Ten years ago, the humanitarian community adopted major reforms intended to improve response to internally displaced persons (IDPs). Rather than international agencies negotiating on a case-by-case basis to determine who would be responsible for IDPs in a given situation, a cluster system with designated lead agencies was introduced along with efforts to beef up the role of humanitarian coordinators and develop more responsive financial mechanisms. How have these reforms impacted the lives of IDPs? Are IDPs better off than they were a decade ago? This was the central question for a major research project we recently completed.

The bad news is that none of these efforts has prevented new displacement and solutions for most of the world’s IDPs seem further away than ever.

What did we find? The good news is that the 2005 humanitarian reform efforts have generally improved international response to IDPs. Humanitarian agencies are more aware of internal displacement, coordination structures are better, humanitarian leadership is stronger, and the new flexible funding mechanisms are working well. But the bad news is that none of these efforts has prevented new displacement and solutions for most of the world’s IDPs seem further away than ever. As of the end of 2013, there were 33 million IDPs – the highest number recorded since 1982. And it is likely that the number will rise even higher in 2014, given situation reports presently coming out of Syria, Iraq, Central African Republic, South Sudan and a dozen other places.

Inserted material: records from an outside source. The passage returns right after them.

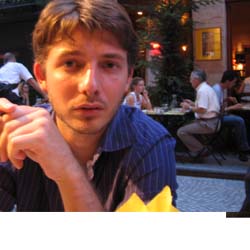 «Au sous-sol, on fait la queue pour baiser la femme du gérant.»
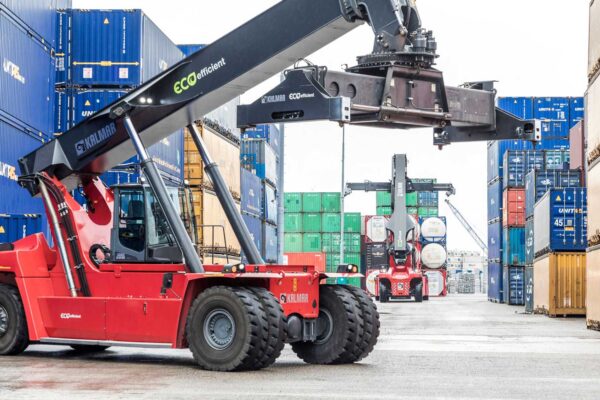 Kalmar DRG ECO reachstacker container terminal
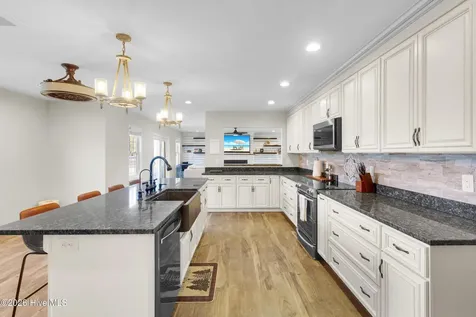143 Tifton Circle Cape Carteret NC 28584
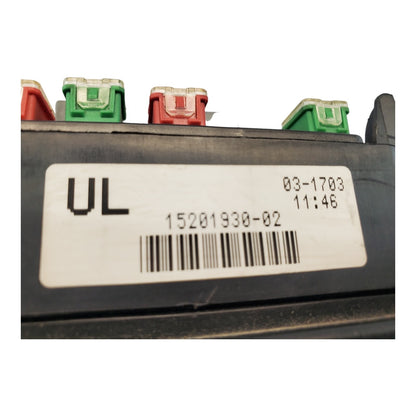  03-06 ChevroletSilverado Yukon Engine Fuse Relay Box Junction Block 15201930-02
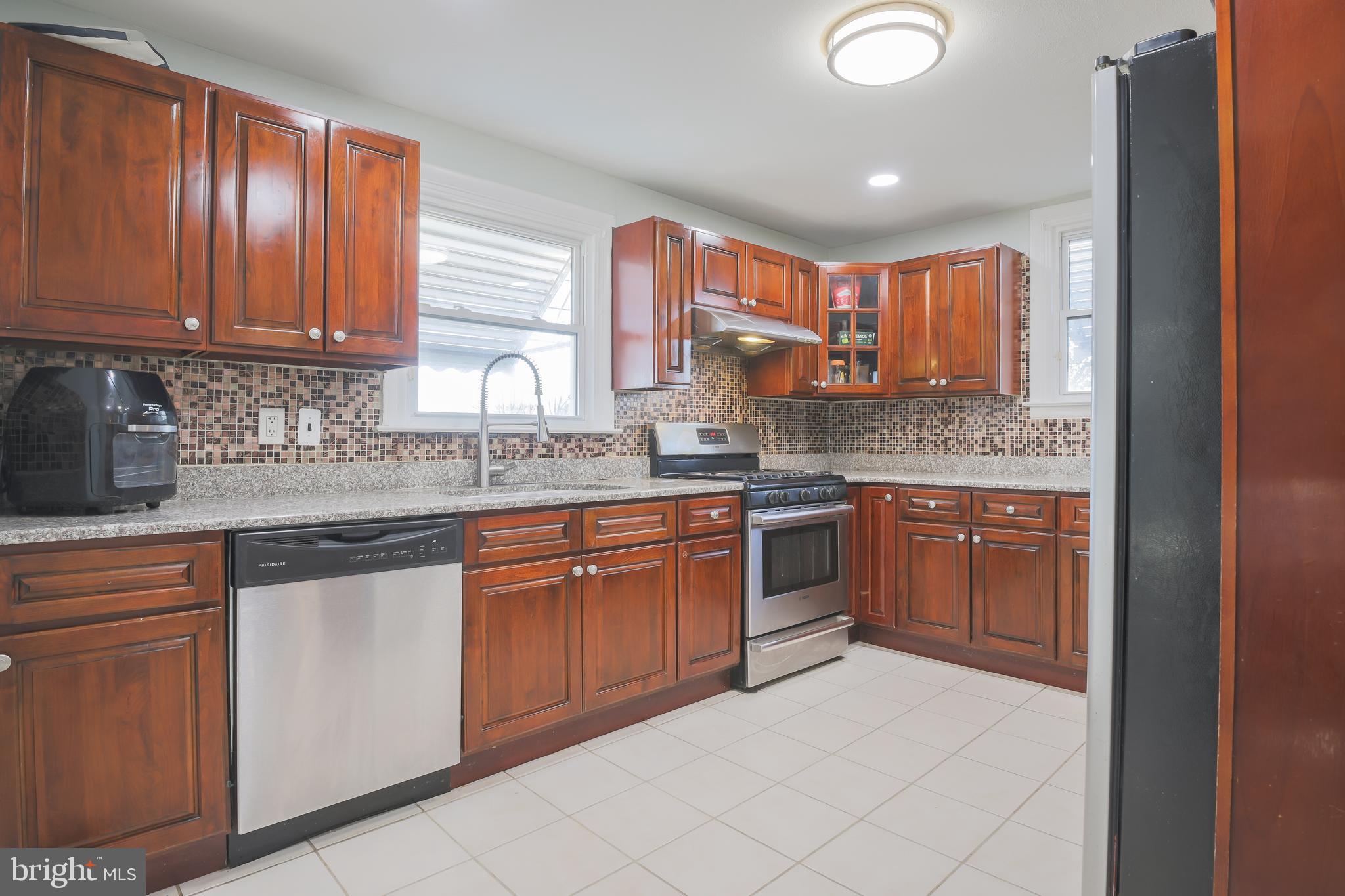 9965 Verree Road Philadelphia, PA 19115 - Photo 16 of 20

This is almost 10 million more IDPs than there were in 2003. As one respondent in our study remarked, “back in 2004, Darfur was the big new crisis. Now we have 10 crises of the same magnitude.” And the one million people displaced in Darfur in 2004 are still there plus another one million have been internally displaced in Sudan.


Number of IDPs

While media attention always focuses on the newest large crisis, the dirty little secret is that protracted displacement has become the new normal. People who were displaced 10, 20 or more years ago are still displaced. This protracted displacement is a scandal. Tens of millions of people are living in limbo, eking out an existence with small amounts of humanitarian aid, unable to go home or to start afresh by settling in a new location.

Something is terribly wrong with the international system when humanitarian actors are working in a country for 10, 20 or 40 years with no end in sight.

Humanitarian assistance is supposed to be short-term life-saving assistance which is supplanted in the longer term by development assistance. Something is terribly wrong with the international system when humanitarian actors are working in a country for 10, 20 or 40 years as they are in places like Colombia, the Democratic Republic of Congo and Somalia with no end in sight.

We need bold thinking and new ways of working to end displacement—to enable people to return to their communities or to settle elsewhere in a country. For at least twenty-five years, the gap between relief and development has been lamented and initiatives to address the gap have proliferated. But displacement is still widely seen as a humanitarian – not a development – issue.

But when 15 percent of a country’s population is displaced – as in Colombia – this is a development challenge. When people are displaced for 17 years, this is a development issue. And yet the new post-2015 development goals don’t reference displacement. IDPs need support to recover land or property, to restore livelihoods, to find jobs. These are areas where development actors have expertise.

We need bold new approaches to deal with the scandal of protracted displacement. Maybe it’s time for a new global initiative modeled on World Refugee Year in 1960 when governments, civil society and international agencies worked together to find solutions for the residual caseload of refugees from World War II. Maybe we need new regional initiatives learning the lessons from largely successful efforts to end displacement such as CIREFCA in Central America or the Comprehensive Plan of Action for Indochinese Refugees. Maybe donor governments need to reassess the way they divide their aid budgets between emergency and development aid.

Business as usual isn’t working. Even though humanitarian reform efforts have improved response to IDPs, they haven’t been able to tackle the scandal of protracted displacement. New thinking is needed.